É isso. Está tudo codificado. Arrumado. Mercantilizado. Como no supermercado. Nada de equívocos. A progressiva ausência de estigmas em relação a essas aplicações ou a procura activa do amor pode ser óptima, correspondendo a expectativas diversas — da aventura ao desejo de acasalar. Mas ainda não é a tecnologia que nos vai trazer diversidade social. A realeza já não casa só com a realeza, mas a tendência mantém-se, tal como nós, os plebeus, permanecemos nos círculos pré-definidos. Antes encontrávamo-nos numa festa de amigos, no trabalho, à noite ou na escola. Agora é na Internet com pessoas das mesmas apetências, gostos e sociabilidades, permanecendo num lugar de segurança.
Nisso estou com o filósofo Alain Badiou, que defende a reinvenção do amor. E a reformulação da política. Se o amor se refere a essa parte da humanidade que não está entregue à concorrência, mas à confiança no outro, isso constituiu a prova de que a competitividade, a violência ou a rivalidade não têm de ser a lei do mundo. O amor é uma construção singular e a política uma aventura colectiva, não devem confundir-se, embora, na sua essência, proponham mudança, transformação, criação.
No amor existem obstáculos. Na política antagonistas. Saber identificá-los é um desafio. No amor duas pessoas irremediavelmente diferentes serão capazes de assumir juntas essa disparidade transformando-a em energia criadora? Se o conseguirem romperão com o estabelecido e criarão algo novo. O mesmo acontecerá, de modo colectivo, na política, quando os indivíduos resolvem reunir-se, organizar-se, pensar-se e decidir.
“Resolver os problemas existenciais do amor é a grande alegria da vida”, escreve às tantas Alain Badiou em o Elogio do Amor. Não se poderia dizer o mesmo acerca dos dilemas com que se confronta a política? Em ambos os casos é preciso saber comunicar com o outro, não receando zonas de conflito, não recuando perante elas, reconhecer a existência da alteridade, encontrando disponibilidade para passar por diversos estádios relacionais.

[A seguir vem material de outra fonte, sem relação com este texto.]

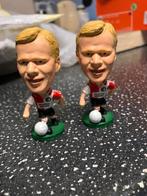 poppetjes voetbal - Ronald Koeman - Feijenoord - voetbal, Verzamelen, Poppetjes en Figuurtjes, Ophalen of Verzenden, Zo goed als nieuw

Nesse sentido, hoje, fica a ideia que existe pouca receptividade para o amor. E para a política a sério. A maior parte conhece o prazer, o sexo, o erotismo, tudo coisas óptimas, mas que são outra coisa. Se nos limitamos ao prazer, ficamo-nos por uma dimensão narcísica. Não nos conectamos com o outro. Retiramos prazer dele apenas. A alegria do amor é outra coisa. Implica não recear o encontro excepcional. E a construção duradoura.